Judge Dredd is ultimately a film at war with itself, unable to find a consistent tone, unable even to decide what kind of movie it wants to be, trying at various times to be a science fiction story, a buddy cop story (with the buddies ultimately the humorless Dredd and rookie Hershey, or humorless Dredd and trying very hard at humor Herman), and, briefly, a western. It also tries, in the shallowest possible way, to be a psychological tale of a man's struggle with himself and his own morality and humanity. From the beginning the film is set up to ultimately be the story of how Judge Dredd learns to have feelings. In the beginning, his cold detachment is seen as an asset, something which allows him to mow fearlessly through bad guys and carry out executions without hesitation, his absence of emotion questioned only by Hershey, because she's "the girl" and therefore the only one for whom emotion registers. She's also the only one able to crack Dredd's gruff exterior and get him to admit that at one time he did kind of, sort of, feel something when he found himself in the position of having to Judge a friend (no points for guessing who that might be). But there's a reason why Dredd doesn't feel things, and that's that he is the result of the original Janus Project, and thus the big finale involves not just action, but Dredd grappling with how he came into the world and what being a clone means to his already thin sense of humanity. This gets resolved with all the customary exploding action that the genre calls for (from inside the Statue of Liberty, no less), but the funny thing about it is that, despite the story building to and turning on Dredd's discovery on his own nature, in the end the film simply circles everyone back to where they started. Dredd is cleared of murder and returns to being a Judge, rejecting the opportunity to become the new Chief Justice so that he can stay on the street maintaining law and order. The film might make some weak attempts at touching on big questions of the who polices the police variety, but its simple return to the status quo exposes how little the film is actually interested in being about anything at all.
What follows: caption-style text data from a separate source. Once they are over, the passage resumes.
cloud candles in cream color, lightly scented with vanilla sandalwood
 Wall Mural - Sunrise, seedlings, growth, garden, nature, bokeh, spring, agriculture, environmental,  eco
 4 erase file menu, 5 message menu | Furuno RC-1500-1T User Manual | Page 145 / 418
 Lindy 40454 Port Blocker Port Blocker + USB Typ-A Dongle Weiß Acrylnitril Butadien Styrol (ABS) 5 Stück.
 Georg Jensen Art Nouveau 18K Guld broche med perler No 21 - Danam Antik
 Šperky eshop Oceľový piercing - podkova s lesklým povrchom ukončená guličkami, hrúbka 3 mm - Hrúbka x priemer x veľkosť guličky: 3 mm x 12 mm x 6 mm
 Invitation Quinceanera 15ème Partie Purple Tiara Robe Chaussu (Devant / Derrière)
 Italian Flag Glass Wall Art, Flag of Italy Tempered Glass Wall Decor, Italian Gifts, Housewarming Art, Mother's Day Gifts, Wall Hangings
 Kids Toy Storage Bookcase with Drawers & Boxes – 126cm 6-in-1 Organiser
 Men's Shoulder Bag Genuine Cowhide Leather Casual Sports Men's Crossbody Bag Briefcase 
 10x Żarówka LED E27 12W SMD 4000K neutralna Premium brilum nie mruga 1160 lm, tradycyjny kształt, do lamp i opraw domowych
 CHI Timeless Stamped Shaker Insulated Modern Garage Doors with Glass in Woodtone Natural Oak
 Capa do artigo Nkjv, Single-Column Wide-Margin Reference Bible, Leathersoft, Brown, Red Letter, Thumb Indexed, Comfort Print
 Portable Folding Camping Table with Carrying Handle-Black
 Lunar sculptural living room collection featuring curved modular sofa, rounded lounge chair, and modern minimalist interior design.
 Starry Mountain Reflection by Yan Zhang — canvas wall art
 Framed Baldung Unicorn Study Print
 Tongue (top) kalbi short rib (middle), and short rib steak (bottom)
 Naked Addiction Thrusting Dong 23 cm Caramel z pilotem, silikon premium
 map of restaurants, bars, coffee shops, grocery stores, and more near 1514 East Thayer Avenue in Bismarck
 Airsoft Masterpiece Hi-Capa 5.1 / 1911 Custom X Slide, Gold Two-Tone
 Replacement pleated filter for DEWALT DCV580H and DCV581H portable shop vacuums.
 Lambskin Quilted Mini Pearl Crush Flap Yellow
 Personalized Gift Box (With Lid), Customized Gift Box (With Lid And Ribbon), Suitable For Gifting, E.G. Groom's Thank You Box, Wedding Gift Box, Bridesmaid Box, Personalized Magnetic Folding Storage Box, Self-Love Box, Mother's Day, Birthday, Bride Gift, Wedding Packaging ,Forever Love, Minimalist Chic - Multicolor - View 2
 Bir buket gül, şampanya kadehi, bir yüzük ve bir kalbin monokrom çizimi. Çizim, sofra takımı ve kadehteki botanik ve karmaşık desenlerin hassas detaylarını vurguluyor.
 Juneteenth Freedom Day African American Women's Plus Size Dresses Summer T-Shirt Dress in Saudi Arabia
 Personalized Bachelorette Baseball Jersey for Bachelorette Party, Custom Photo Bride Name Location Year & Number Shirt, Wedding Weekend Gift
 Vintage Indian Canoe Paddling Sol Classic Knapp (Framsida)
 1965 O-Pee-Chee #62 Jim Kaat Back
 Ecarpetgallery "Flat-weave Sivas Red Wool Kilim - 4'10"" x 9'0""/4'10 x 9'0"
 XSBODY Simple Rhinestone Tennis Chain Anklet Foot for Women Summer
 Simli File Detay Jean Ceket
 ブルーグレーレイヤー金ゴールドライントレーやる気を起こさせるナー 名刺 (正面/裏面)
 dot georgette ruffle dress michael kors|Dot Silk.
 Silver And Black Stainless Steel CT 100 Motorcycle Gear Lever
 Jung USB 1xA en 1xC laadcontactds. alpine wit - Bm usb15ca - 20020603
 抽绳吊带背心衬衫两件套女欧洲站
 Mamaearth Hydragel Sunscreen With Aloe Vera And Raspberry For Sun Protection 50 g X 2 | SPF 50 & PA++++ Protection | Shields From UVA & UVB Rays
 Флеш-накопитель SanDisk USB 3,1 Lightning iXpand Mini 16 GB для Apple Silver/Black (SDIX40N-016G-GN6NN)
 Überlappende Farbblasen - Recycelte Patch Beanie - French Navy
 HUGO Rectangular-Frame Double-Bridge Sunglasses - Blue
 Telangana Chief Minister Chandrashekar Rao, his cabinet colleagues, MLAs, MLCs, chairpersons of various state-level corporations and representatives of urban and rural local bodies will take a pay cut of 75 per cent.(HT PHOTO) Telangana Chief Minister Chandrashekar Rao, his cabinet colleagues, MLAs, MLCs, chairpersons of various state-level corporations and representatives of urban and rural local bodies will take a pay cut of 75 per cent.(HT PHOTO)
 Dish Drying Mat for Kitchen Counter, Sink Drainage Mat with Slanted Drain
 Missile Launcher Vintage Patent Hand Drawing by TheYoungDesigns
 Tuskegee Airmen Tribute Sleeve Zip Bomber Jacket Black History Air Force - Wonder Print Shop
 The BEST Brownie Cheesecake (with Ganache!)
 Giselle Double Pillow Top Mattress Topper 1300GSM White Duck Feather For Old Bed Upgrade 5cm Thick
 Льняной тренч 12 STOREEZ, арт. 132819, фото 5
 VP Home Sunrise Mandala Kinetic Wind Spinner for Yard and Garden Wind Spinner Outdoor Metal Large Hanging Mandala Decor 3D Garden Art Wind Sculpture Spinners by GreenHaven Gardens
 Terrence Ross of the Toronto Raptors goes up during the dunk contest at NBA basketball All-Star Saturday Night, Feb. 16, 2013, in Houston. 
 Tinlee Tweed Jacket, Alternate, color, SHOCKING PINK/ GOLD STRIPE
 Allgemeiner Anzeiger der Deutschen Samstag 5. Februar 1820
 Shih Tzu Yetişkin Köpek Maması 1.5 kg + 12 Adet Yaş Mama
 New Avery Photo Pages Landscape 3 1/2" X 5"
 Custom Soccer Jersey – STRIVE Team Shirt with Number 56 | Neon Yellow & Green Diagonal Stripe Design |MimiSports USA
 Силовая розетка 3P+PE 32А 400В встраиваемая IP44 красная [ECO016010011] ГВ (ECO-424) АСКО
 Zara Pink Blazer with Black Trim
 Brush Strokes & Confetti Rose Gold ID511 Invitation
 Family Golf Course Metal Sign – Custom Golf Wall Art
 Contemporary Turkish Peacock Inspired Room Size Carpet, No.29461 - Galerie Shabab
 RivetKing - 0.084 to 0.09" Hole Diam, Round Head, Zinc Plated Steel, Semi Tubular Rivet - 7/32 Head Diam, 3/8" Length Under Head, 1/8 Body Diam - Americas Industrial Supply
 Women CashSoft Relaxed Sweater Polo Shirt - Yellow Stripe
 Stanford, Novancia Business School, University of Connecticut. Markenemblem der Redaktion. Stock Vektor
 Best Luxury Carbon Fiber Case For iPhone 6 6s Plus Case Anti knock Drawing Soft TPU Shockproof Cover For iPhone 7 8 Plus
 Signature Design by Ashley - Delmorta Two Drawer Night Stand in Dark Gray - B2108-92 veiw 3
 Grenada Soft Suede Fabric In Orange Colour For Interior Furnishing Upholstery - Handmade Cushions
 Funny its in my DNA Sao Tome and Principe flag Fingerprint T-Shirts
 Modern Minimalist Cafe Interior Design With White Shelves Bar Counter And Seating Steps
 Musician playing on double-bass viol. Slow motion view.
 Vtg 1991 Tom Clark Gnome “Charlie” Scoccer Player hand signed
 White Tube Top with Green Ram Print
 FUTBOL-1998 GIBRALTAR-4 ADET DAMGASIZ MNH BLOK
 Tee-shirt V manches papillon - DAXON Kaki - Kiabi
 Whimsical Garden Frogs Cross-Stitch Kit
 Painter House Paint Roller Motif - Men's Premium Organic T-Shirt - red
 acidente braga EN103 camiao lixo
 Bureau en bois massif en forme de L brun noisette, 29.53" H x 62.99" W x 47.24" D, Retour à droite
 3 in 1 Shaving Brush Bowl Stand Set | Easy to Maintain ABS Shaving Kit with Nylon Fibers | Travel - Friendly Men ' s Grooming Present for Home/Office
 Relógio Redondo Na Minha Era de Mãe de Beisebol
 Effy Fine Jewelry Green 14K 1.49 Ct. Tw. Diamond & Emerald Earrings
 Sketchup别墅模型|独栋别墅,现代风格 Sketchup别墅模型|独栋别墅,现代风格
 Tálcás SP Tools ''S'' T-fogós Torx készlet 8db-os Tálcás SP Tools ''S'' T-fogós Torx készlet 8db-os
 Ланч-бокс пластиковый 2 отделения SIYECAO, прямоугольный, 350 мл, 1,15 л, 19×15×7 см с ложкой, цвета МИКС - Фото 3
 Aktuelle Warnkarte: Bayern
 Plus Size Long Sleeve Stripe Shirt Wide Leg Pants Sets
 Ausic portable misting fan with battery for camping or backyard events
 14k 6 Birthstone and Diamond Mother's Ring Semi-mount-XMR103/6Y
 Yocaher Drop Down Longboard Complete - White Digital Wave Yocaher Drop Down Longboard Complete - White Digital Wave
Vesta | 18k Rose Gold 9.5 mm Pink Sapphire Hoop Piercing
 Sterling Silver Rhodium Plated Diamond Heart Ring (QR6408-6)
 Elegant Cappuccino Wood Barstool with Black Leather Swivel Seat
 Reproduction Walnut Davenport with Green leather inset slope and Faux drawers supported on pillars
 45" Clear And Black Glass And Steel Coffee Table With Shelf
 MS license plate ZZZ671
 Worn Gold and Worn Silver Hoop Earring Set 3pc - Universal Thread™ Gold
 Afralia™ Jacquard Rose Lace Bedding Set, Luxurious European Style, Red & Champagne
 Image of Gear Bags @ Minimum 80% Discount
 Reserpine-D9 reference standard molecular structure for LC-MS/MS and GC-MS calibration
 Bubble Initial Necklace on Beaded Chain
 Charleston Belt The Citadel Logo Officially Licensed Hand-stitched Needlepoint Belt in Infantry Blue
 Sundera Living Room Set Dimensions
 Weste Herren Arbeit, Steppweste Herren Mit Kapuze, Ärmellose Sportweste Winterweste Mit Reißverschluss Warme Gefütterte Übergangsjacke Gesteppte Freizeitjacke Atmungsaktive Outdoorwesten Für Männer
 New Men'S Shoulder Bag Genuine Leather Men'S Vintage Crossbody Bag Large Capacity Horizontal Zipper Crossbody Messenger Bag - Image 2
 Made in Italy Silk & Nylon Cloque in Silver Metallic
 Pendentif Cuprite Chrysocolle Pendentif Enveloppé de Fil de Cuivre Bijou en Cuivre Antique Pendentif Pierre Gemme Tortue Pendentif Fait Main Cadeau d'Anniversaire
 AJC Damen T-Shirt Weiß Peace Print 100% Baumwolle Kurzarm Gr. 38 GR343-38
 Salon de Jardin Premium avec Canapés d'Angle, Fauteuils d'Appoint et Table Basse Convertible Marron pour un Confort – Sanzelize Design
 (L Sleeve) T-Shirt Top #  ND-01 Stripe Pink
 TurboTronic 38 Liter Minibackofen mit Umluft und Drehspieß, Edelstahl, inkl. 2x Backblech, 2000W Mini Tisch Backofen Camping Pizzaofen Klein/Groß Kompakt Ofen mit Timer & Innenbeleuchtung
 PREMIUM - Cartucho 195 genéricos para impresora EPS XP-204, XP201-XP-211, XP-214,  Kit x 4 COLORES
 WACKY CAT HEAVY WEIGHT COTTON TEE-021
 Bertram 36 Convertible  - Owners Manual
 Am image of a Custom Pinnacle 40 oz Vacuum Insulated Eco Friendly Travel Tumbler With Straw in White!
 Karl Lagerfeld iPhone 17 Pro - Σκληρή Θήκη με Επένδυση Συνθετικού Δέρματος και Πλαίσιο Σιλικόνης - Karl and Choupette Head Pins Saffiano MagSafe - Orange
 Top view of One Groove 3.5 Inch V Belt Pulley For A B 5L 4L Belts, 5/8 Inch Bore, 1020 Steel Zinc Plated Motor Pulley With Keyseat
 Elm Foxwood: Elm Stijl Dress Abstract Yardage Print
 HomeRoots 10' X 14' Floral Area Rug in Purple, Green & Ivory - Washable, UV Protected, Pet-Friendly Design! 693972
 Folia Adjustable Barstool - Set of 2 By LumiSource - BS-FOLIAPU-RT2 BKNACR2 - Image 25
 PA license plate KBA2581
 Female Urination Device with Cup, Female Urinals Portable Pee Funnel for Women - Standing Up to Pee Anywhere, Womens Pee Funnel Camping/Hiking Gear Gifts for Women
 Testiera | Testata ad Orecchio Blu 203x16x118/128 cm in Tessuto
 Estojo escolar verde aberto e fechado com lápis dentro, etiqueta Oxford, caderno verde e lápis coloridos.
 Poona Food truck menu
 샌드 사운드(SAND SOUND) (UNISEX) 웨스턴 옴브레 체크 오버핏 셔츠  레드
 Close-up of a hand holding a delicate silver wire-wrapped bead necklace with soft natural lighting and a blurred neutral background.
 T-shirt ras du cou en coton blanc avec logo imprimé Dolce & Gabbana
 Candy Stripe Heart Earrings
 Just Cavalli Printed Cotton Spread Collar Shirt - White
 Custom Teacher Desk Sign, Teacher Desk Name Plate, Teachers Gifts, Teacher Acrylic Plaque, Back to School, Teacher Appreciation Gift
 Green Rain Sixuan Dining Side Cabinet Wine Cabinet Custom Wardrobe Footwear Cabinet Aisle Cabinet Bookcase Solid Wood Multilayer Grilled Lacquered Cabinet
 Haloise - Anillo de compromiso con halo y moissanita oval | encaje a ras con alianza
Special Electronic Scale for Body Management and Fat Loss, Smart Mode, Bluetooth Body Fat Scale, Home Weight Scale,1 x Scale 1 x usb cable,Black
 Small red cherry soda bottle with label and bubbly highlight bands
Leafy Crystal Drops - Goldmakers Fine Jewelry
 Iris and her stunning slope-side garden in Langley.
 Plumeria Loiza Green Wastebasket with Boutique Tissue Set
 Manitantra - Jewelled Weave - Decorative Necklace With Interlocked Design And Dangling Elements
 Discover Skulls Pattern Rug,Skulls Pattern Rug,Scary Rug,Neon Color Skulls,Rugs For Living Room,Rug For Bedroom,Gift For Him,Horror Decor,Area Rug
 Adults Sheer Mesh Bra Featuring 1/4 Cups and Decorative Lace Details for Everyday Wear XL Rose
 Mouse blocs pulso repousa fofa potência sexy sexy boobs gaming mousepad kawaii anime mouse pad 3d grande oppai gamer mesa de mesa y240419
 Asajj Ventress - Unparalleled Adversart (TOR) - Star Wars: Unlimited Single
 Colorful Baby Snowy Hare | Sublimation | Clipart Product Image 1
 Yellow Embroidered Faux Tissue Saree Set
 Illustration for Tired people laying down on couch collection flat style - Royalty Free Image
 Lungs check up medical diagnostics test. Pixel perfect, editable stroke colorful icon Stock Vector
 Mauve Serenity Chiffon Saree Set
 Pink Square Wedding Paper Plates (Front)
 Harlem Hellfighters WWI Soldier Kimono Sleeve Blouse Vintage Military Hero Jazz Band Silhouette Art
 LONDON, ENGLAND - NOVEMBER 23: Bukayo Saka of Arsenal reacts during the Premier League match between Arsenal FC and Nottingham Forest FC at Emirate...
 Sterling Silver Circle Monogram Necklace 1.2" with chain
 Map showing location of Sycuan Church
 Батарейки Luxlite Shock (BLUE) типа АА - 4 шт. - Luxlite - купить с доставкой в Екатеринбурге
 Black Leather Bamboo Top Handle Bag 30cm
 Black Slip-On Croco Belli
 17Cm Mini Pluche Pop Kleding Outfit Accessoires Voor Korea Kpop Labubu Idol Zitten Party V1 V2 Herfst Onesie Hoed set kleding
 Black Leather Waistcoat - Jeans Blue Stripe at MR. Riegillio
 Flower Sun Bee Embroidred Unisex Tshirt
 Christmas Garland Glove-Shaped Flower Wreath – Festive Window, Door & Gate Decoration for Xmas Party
Judge Dredd is a failure as a film, thoroughly lacking as it is in any clear goal as a story or motivation for existing, but more than that it represents an utter lack of imagination. It has no interest in expanding on, or even actually exploring, the world created by the comic and instead uses the setting as little more than window dressing so that the film ends up being nothing more than an ordinary Stallone action movie, undistinguished by anything like personality. Even in comparison to other ill-conceived science fiction action movies starring Stallone, Judge Dredd falls way short, as a film like Demolition Man can at least boast a flashy villain in Wesley Snipes and a spunky sidekick performance from Sandra Bullock, whereas this one has to make due with a bored Assante and poor Lane, trying her best to invest herself in a character whose purpose is to help Stallone's robotic protagonist get in touch with his feelings (a responsibility that brings to mind that line from Galaxy Quest: "I have one job on this lousy ship. It's stupid, but I'm gonna do it."). The only worthwhile thing to come out of the film is the iconic line, "I am the law!" delivered in Stallone's distinct, semi-unintelligible drawl.


Should It Have Been A Blockbuster?: Yeah, no, it's pretty terrible and pointless

2 comments:

Dell said...

I totally agree with this review. Judge Dredd is just a complete mess of a film and you gave all the reasons why. Great job!

Norma Desmond said...

Thanks! If nothing else, it's made me curious to see what the 2012 adaptation does with the material.